_EXERCISE DATA_.
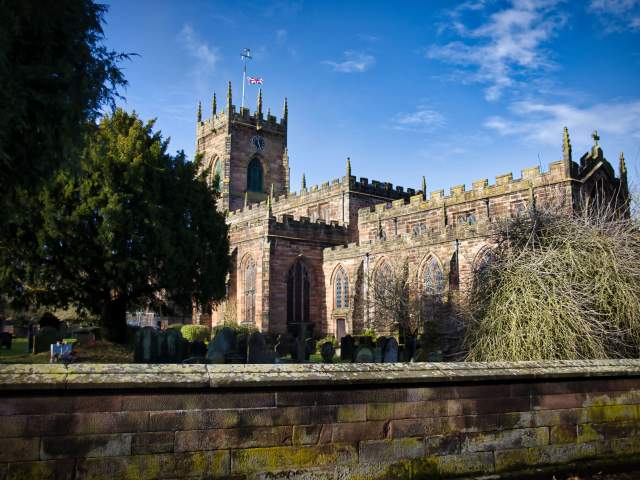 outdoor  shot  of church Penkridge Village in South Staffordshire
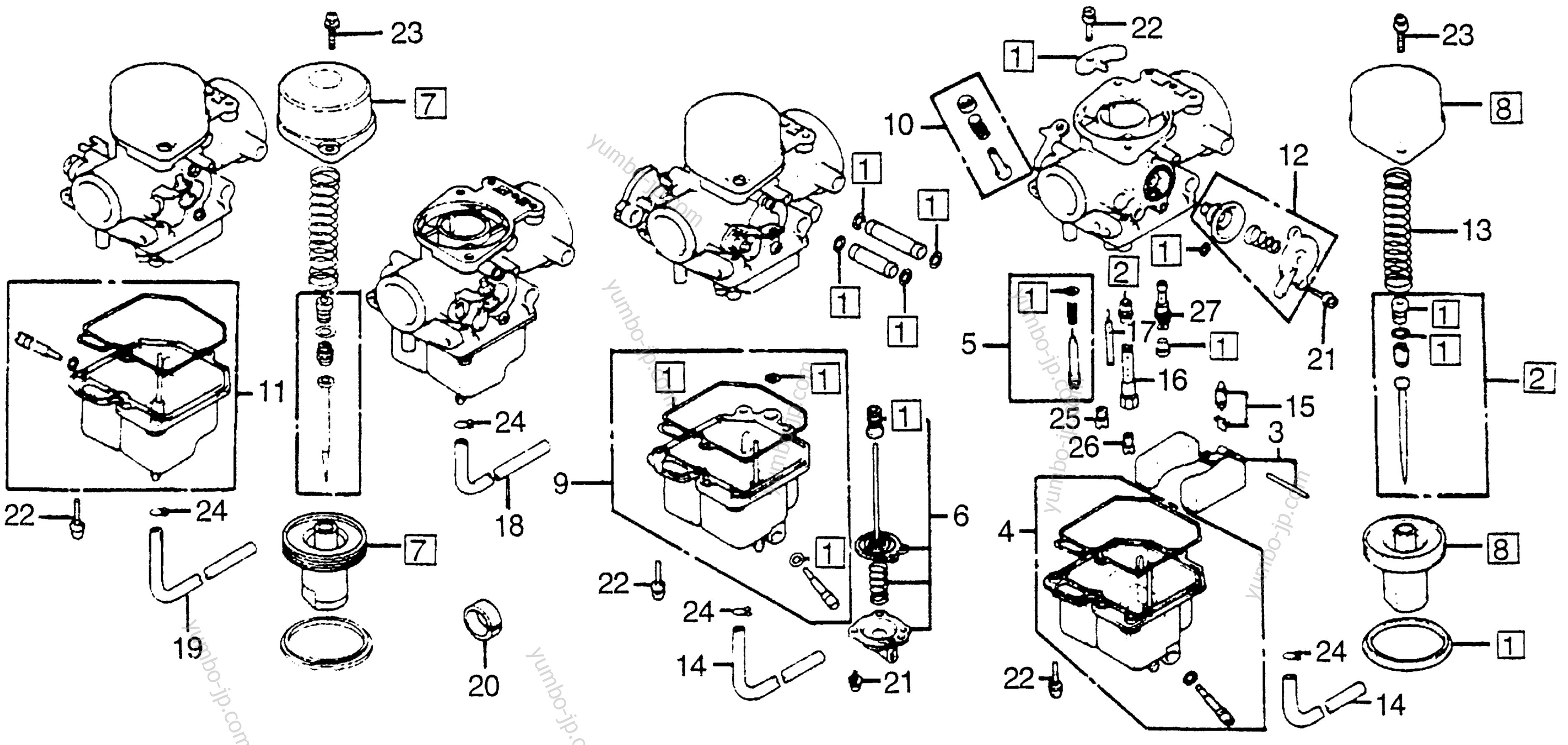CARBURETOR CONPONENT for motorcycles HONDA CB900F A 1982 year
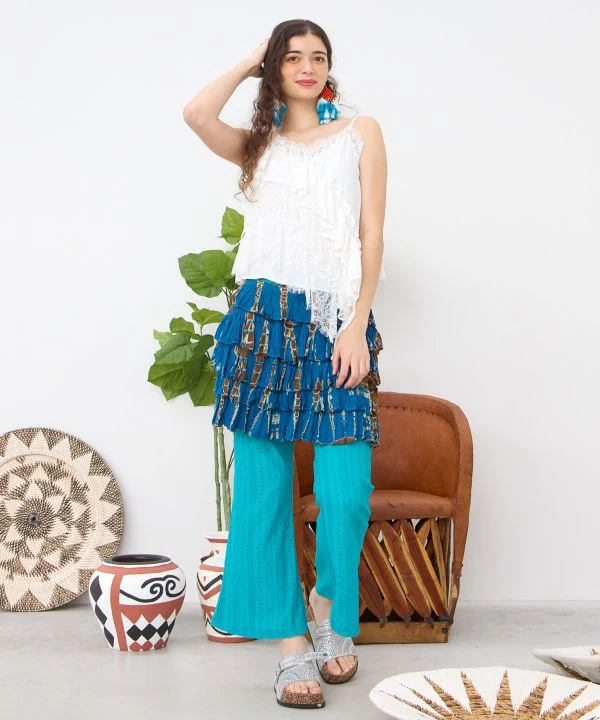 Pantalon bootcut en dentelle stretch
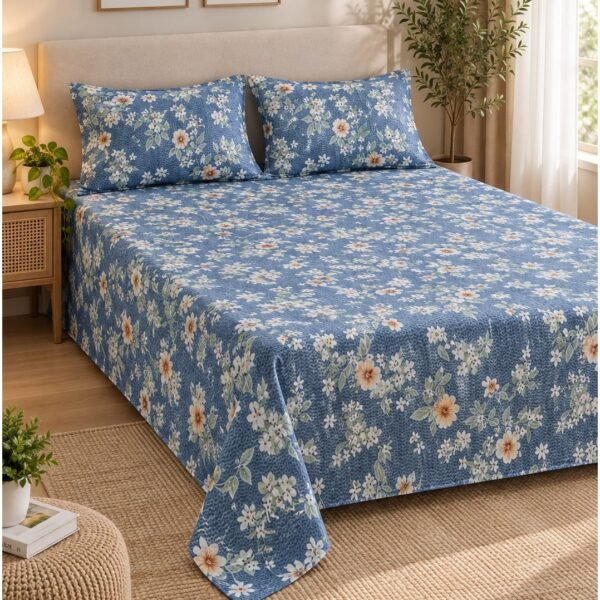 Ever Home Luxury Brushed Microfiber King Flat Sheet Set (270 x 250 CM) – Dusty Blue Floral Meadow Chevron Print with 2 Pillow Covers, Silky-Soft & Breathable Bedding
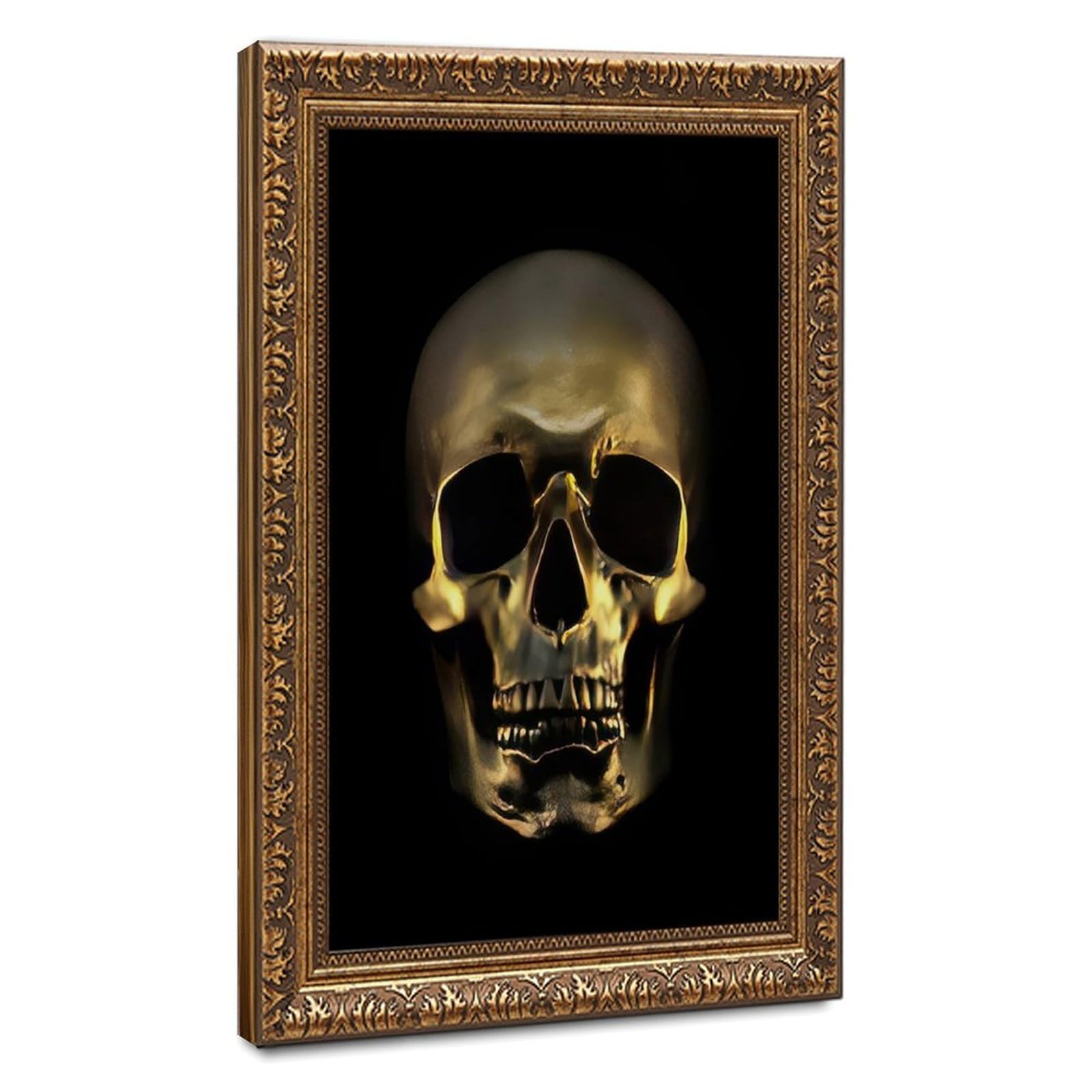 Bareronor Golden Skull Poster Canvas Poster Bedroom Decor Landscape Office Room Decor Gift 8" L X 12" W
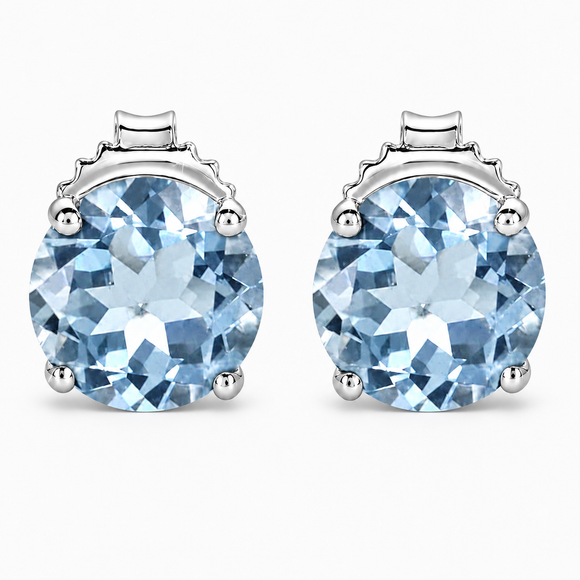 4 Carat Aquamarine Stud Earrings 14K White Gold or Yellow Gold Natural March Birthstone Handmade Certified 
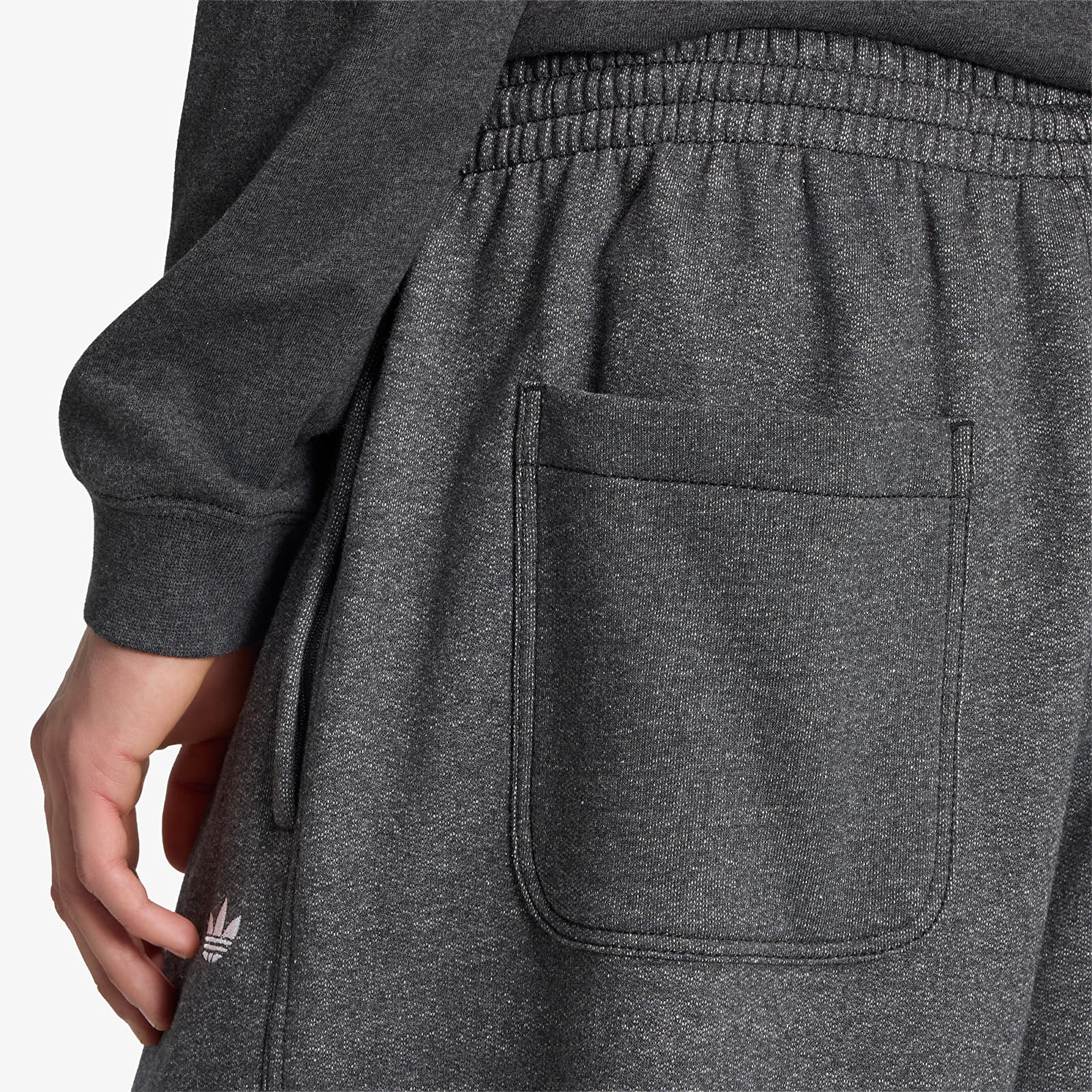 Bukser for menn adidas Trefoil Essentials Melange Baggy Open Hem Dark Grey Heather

_WORK TASK_.
Exclude the pictures and print the rest of the data exactly.

_EXPECTED ANSWER_.
 outdoor  shot  of church Penkridge Village in South Staffordshire
CARBURETOR CONPONENT for motorcycles HONDA CB900F A 1982 year
 Pantalon bootcut en dentelle stretch
 Ever Home Luxury Brushed Microfiber King Flat Sheet Set (270 x 250 CM) – Dusty Blue Floral Meadow Chevron Print with 2 Pillow Covers, Silky-Soft & Breathable Bedding
 Bareronor Golden Skull Poster Canvas Poster Bedroom Decor Landscape Office Room Decor Gift 8" L X 12" W
 4 Carat Aquamarine Stud Earrings 14K White Gold or Yellow Gold Natural March Birthstone Handmade Certified 
 Bukser for menn adidas Trefoil Essentials Melange Baggy Open Hem Dark Grey Heather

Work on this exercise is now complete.